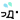 20260708_120204_c9249219d3758589d2565fb6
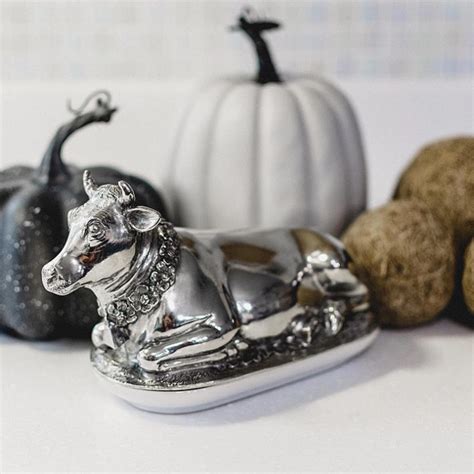 vagabond house cast metal animals|vagabond house dishes.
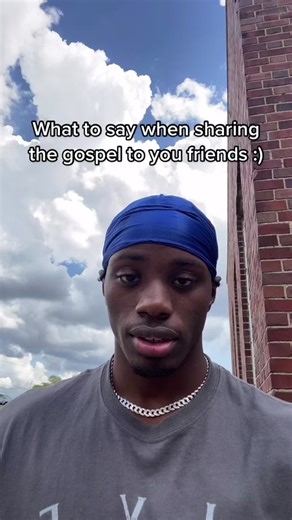 How to Win Souls for Christ | Effective Strategies Revealed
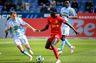 Acquah tilbage for FCN
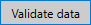 ecl5.png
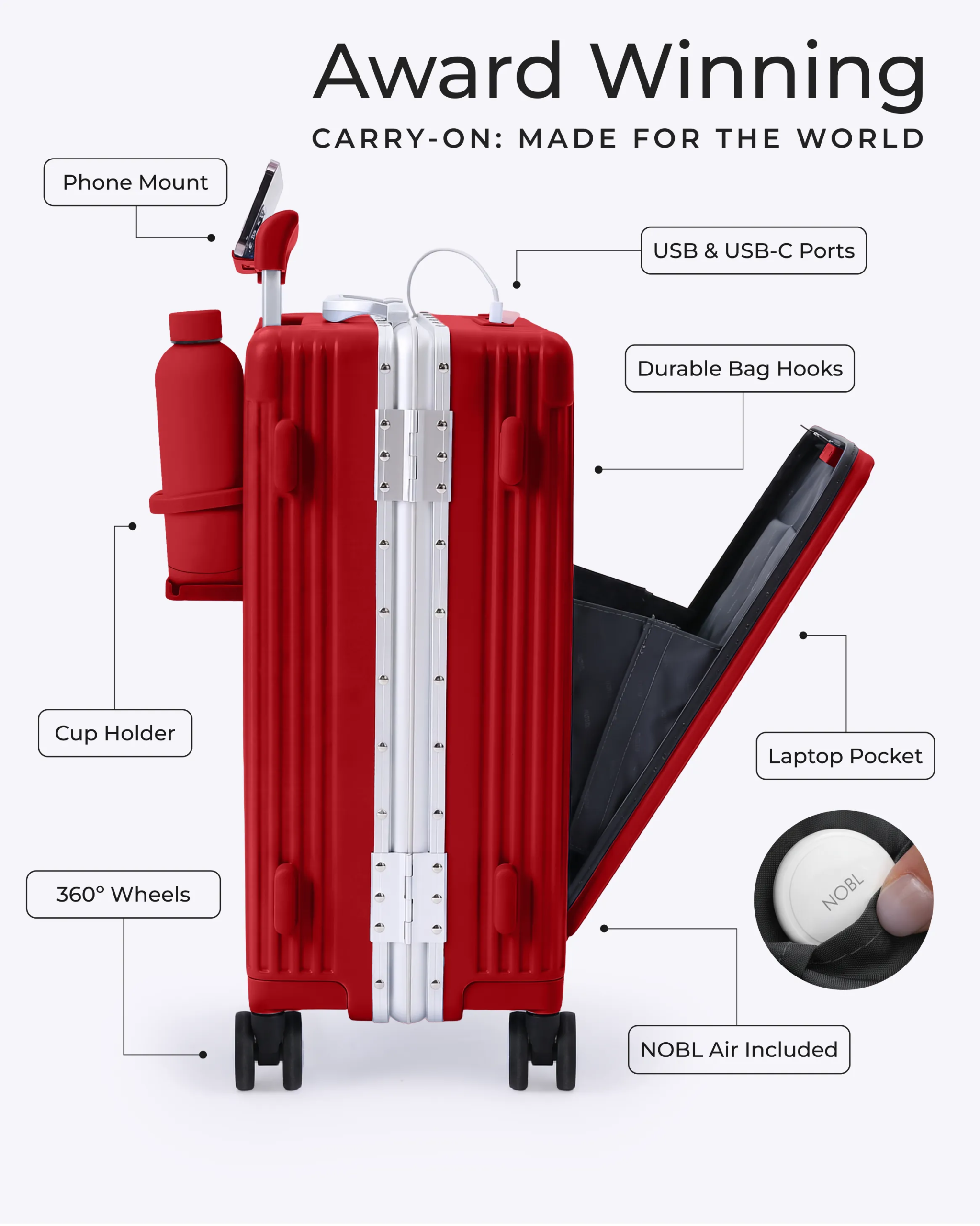 AIO_Informative_Updated_red-us-show.png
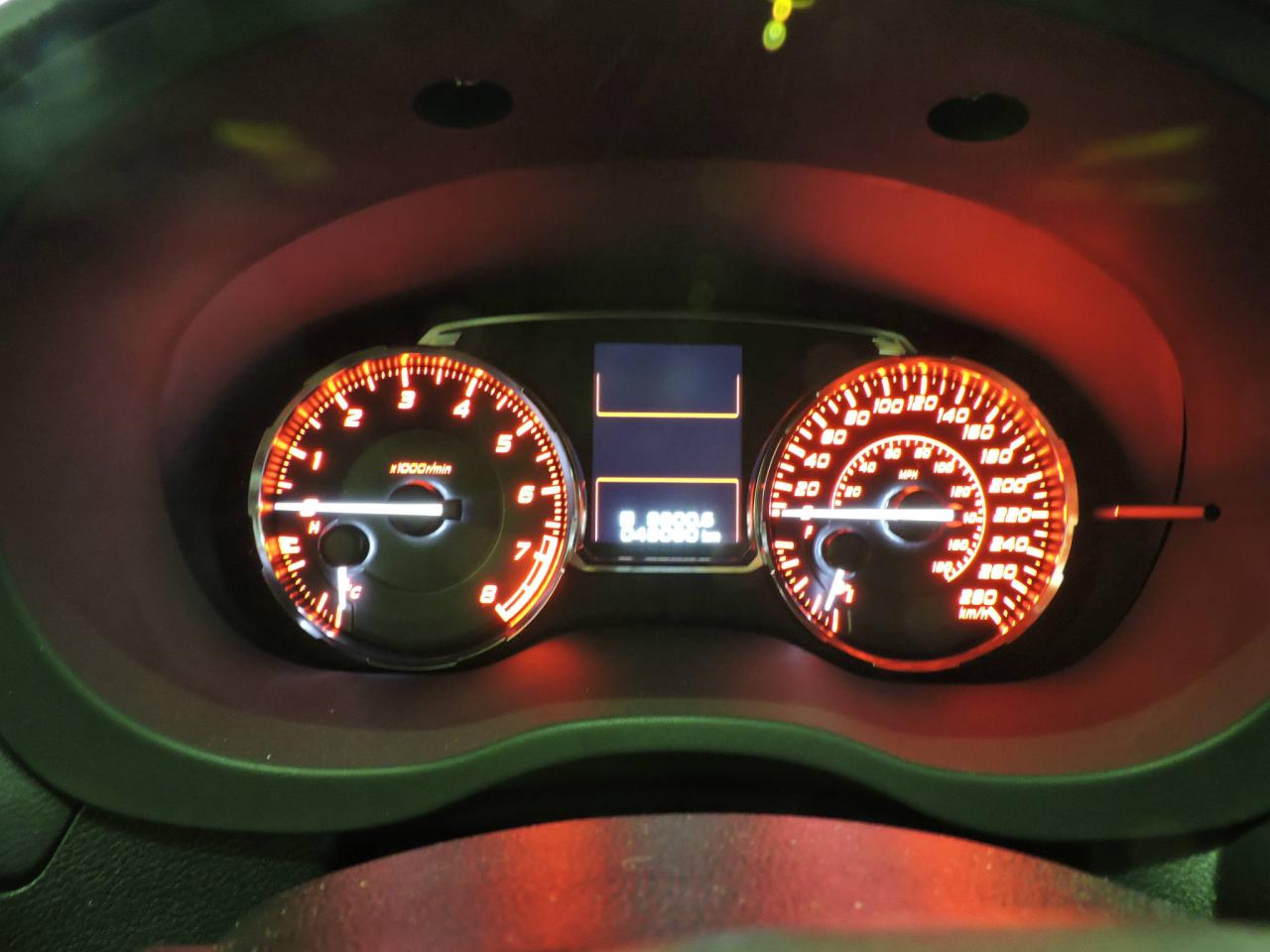 654331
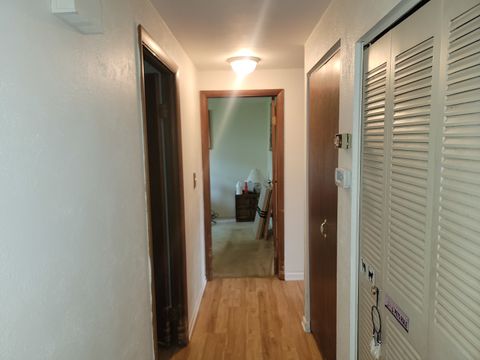 Tiny photo for 132 W Hartford Drive, Schaumburg, IL 60193 (MLS # 12670520)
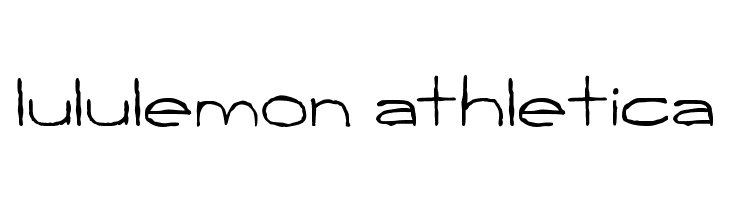 Handpen  Descarca Fonturi Gratis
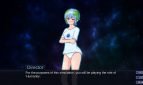 EarthyCummy Adult Game Screenshot (2)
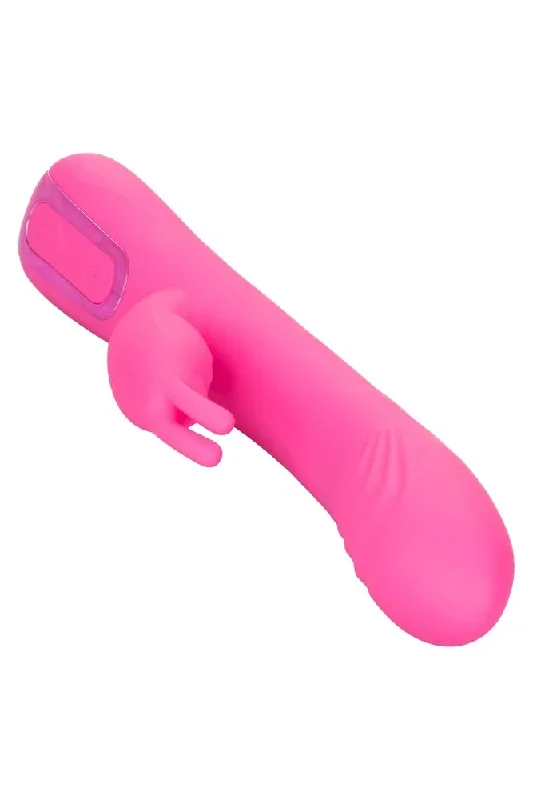 cal-exotics-jack-rabbit-elite-rocking-rabbit-vibrator-pink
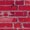 65 - Red Brick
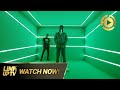 G Bugz HB Freestyle Season 3 Link Up TV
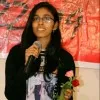 Jahnavi Kollu
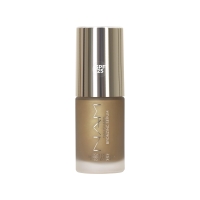 NAM Brązujące serum do twarzy z ochrona UV Tan Guard Bronzing Drops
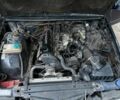 Синий Вольво 940, объемом двигателя 2.3 л и пробегом 1 тыс. км за 950 $, фото 5 на Automoto.ua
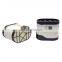 Power core /honeycomb structure air filter P608676 P601560/AF4206 AF4199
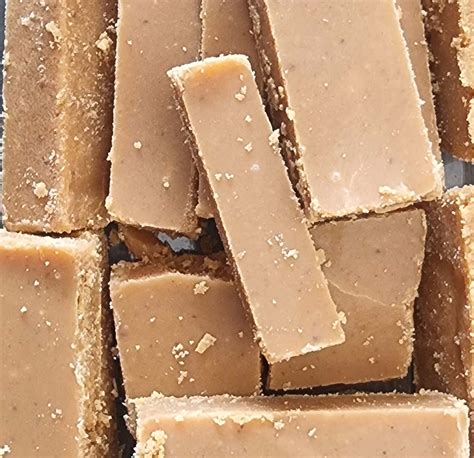 grams premium fudge yo fudge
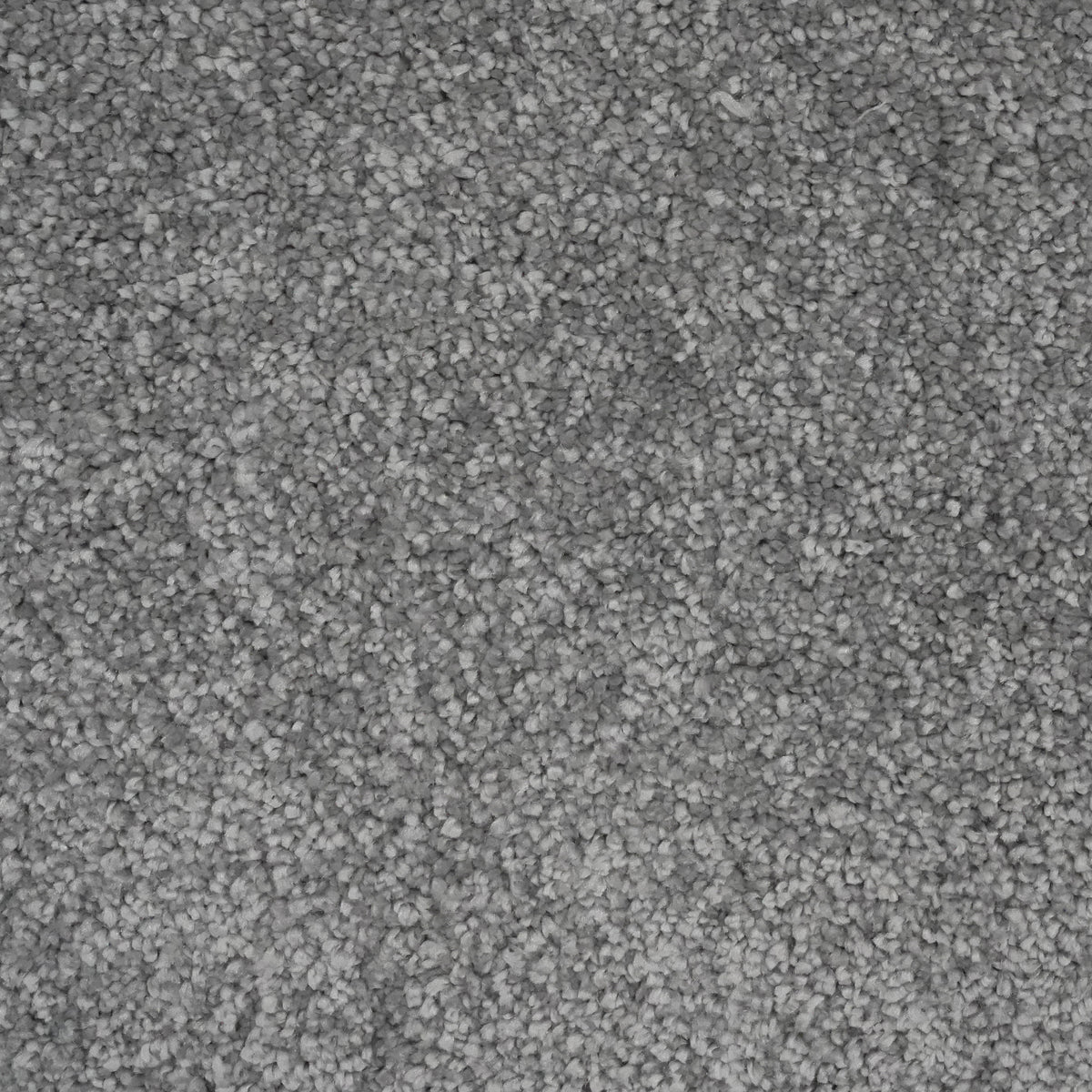 Opulence Steel 11 Carpet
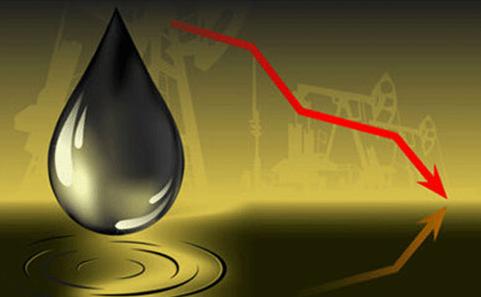 美国原油出口量大幅下降，沙特阿美却在准备上市!
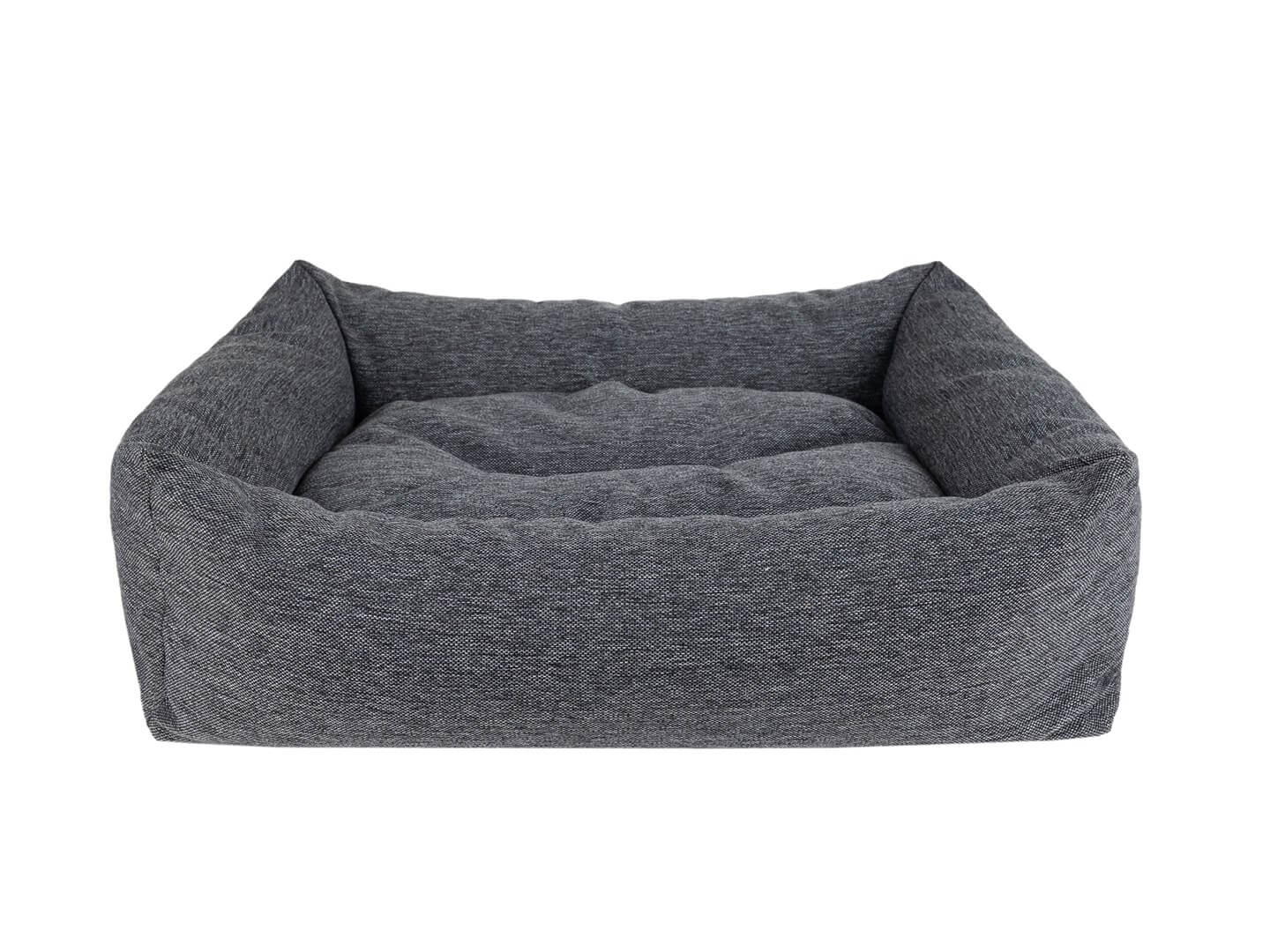 sofabari4.jpg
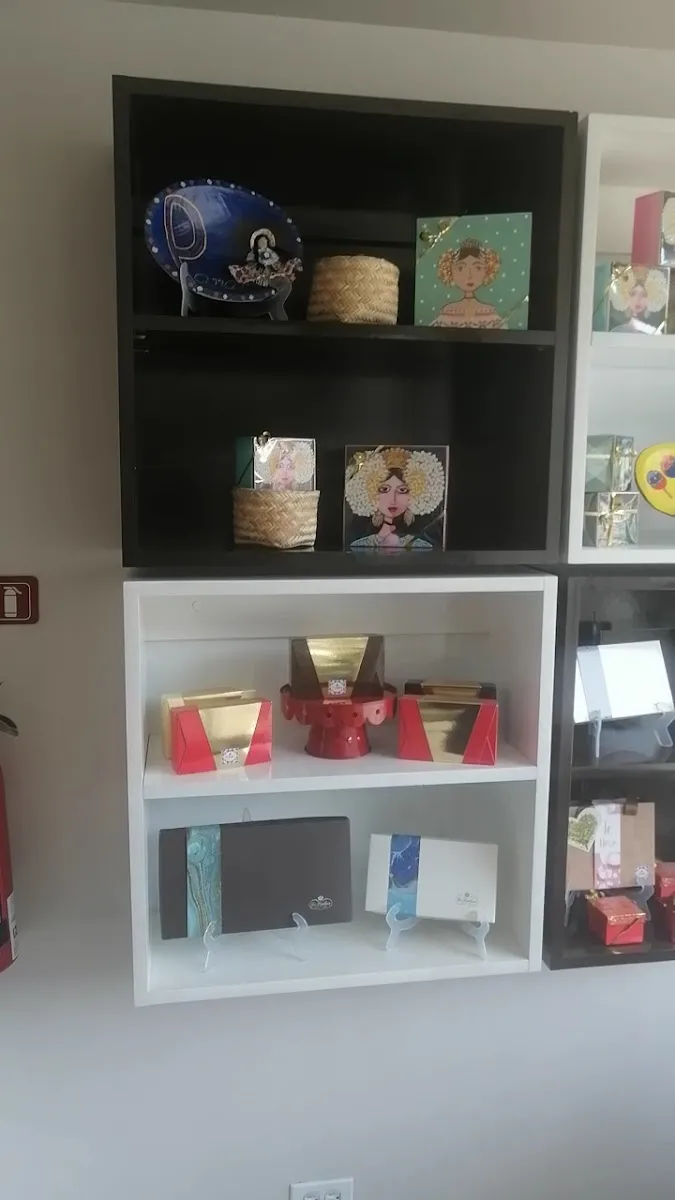 La Praline — foto 3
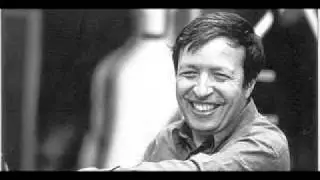 PERAHIA plays MOZART Adagio for piano K 540 in b minor (1991)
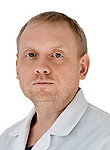 Мытник Александр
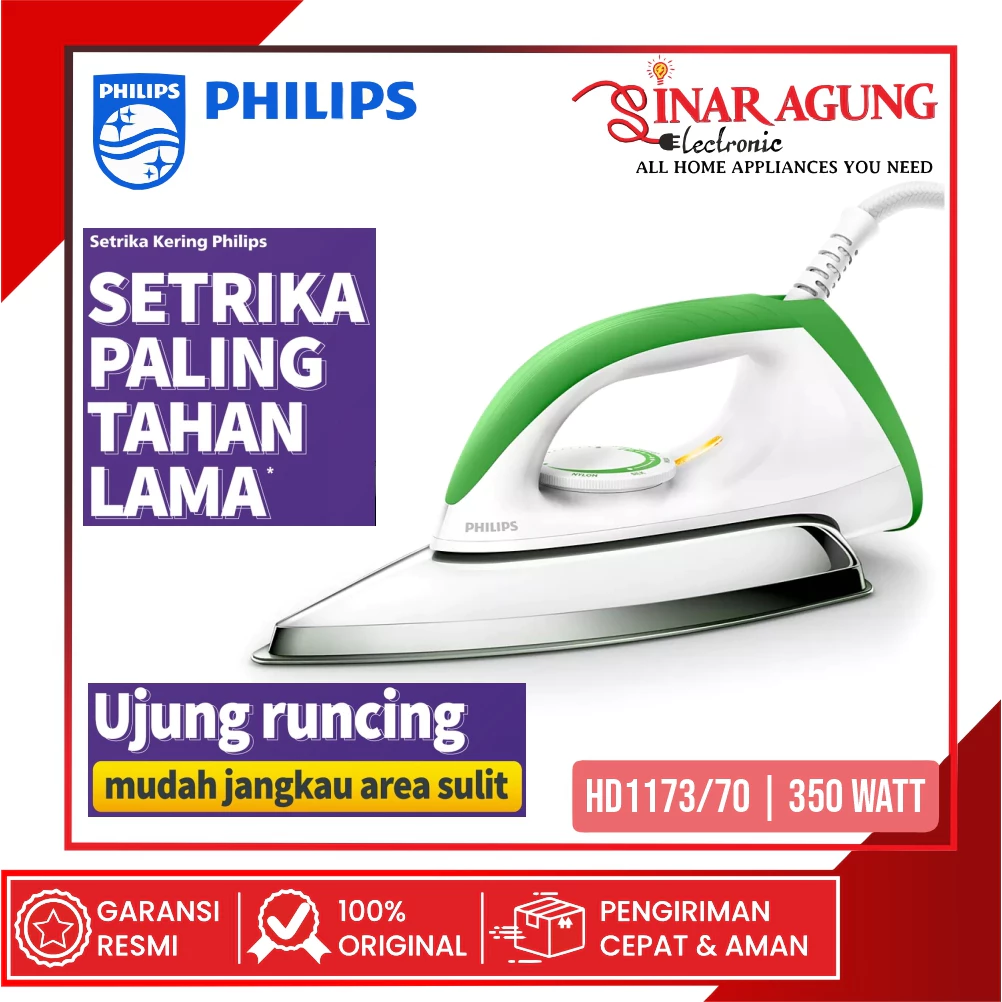 Gambar Produk 3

● ● ● ● ● ● ●

▶ **BRIEF**: Leaving the pictures aside, repeat the data above exactly.

▶ **FINAL ANSWER**:
 20260708_120204_c9249219d3758589d2565fb6
 vagabond house cast metal animals|vagabond house dishes.
 How to Win Souls for Christ | Effective Strategies Revealed
 Acquah tilbage for FCN
 ecl5.png
 AIO_Informative_Updated_red-us-show.png
 654331
 Tiny photo for 132 W Hartford Drive, Schaumburg, IL 60193 (MLS # 12670520)
 Handpen  Descarca Fonturi Gratis
 EarthyCummy Adult Game Screenshot (2)
 cal-exotics-jack-rabbit-elite-rocking-rabbit-vibrator-pink
 65 - Red Brick
 G Bugz HB Freestyle Season 3 Link Up TV
 Jahnavi Kollu
 NAM Brązujące serum do twarzy z ochrona UV Tan Guard Bronzing Drops
 Синий Вольво 940, объемом двигателя 2.3 л и пробегом 1 тыс. км за 950 $, фото 5 на Automoto.ua
 Power core /honeycomb structure air filter P608676 P601560/AF4206 AF4199
 grams premium fudge yo fudge
 Opulence Steel 11 Carpet
 美国原油出口量大幅下降，沙特阿美却在准备上市!
 sofabari4.jpg
 La Praline — foto 3
 PERAHIA plays MOZART Adagio for piano K 540 in b minor (1991)
 Мытник Александр
 Gambar Produk 3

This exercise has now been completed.